Will virtual events replace live events? Definitely not.
The unprecedented circumstances of 2020 have taught us two important lessons that ensure face-to-face events will return and continue to grow and that virtual events will be part of that growth.
> People Need Human Connections
Social distancing to avoid the spread of COVID, although necessary, has created a great deal of mental strain for people worldwide. Most of us have the willpower to endure this type of isolation for a short time, but extended periods can affect our mental and even physical health. Humans, after all, are social animals. We need physical interaction, and the pandemic’s regime of forced isolation has underscored the necessity, when possible, of facilitating live human connections. That need will fuel the resurgence and future growth of live events.

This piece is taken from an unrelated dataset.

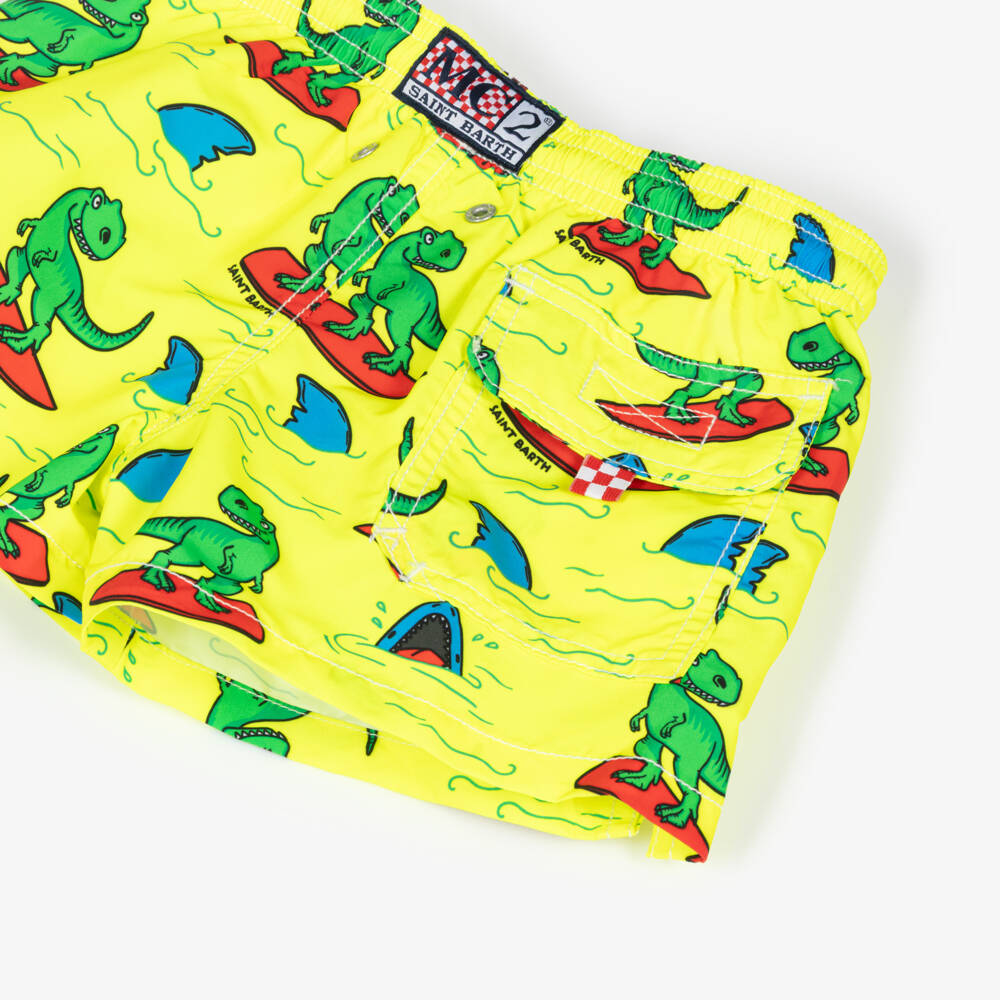 MC2 Saint Barth-Плавки-шорты жёлтые с динозаврами и акулами для мальчиков | Childrensalon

> Virtual Event Technologies Have Proven Their Value
Because live events and in-person meetings with clients were canceled, many marketing professionals and brands adapted existing digital technologies to help them fill the void. For example, they used live post features on social media platforms and applications, such as Zoom, to facilitate one-on-one and group meetings. However, it’s not just small events that have adapted to thrive. The 2020 Burning Man Festival held in September 2020 was entirely virtual, and CES announced that the January 2021 show will be an all-virtual event.
Virtual events have demonstrated that they are valuable adaptations during a time when most live events are curtailed. Because of this, when face-to-face events return, many event producers will include digital technology to provide additional benefits for attendees and broaden their market reach. These experiences will give rise to the hybrid event.
The Importance of Quality Production Value
During the pandemic, when a family pet wanders into the room and interrupts a speaker, we think it’s funny. When there’s something inappropriate in the background, we laugh, and when a presenter goes off-script and spends 15 minutes explaining why their two-year-old wants their attention, we understand. Of course, we are patient because we’re all in the same boat, but when the pandemic ends, audiences will not be so forgiving.
Therefore, the same strategic thinking, organization, creativity, ingenuity, and originality used to create live emotional experiences should be applied to digital experiences as well.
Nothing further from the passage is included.